- What you need to do -
Below is a listing; transcribe it exactly but without any images.

- Source data -
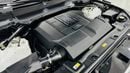 Land Rover Range Rover Sport Original paint .. GCC .. FSH .. V6 .. Perfect Condition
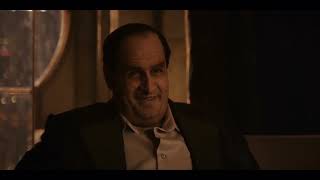 Penguin Kills Alberto Falcone The Penguin Episode 1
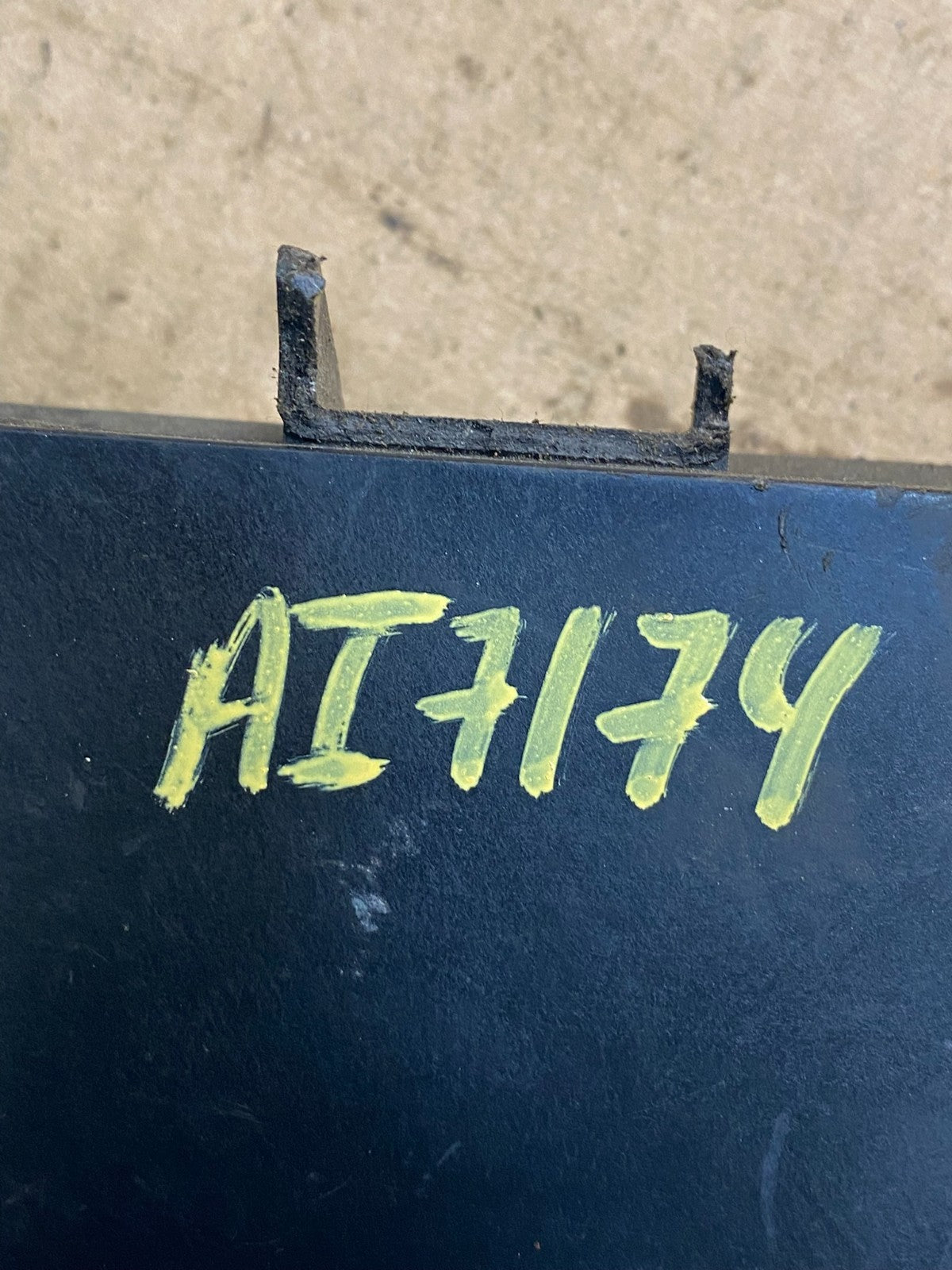 29545536 Allison TCM Transmission Control Module Computer Auto ai7174 DG3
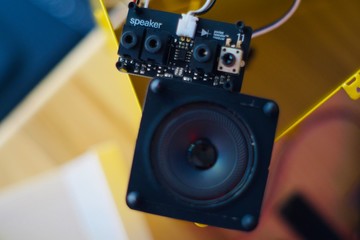 Electronic Musical Equipment 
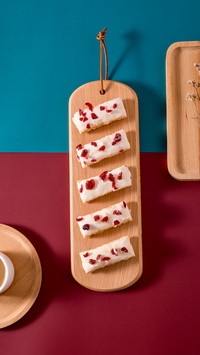 午后小“食”光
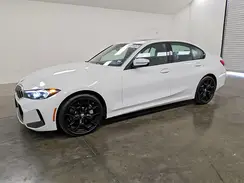 3MW89CW02T8F88699 2026 BMW 3ER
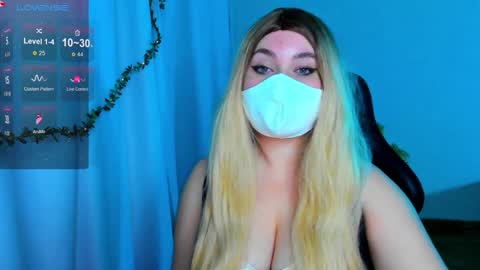 Snapshot of _amymoss chatting on 13, 12, 2024 Amy NO NUDE MODEL online show from 13, 12, 2024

- Answer for this exercise -
 Land Rover Range Rover Sport Original paint .. GCC .. FSH .. V6 .. Perfect Condition
 Penguin Kills Alberto Falcone The Penguin Episode 1
 29545536 Allison TCM Transmission Control Module Computer Auto ai7174 DG3
 Electronic Musical Equipment 
 午后小“食”光
 3MW89CW02T8F88699 2026 BMW 3ER
 Snapshot of _amymoss chatting on 13, 12, 2024 Amy NO NUDE MODEL online show from 13, 12, 2024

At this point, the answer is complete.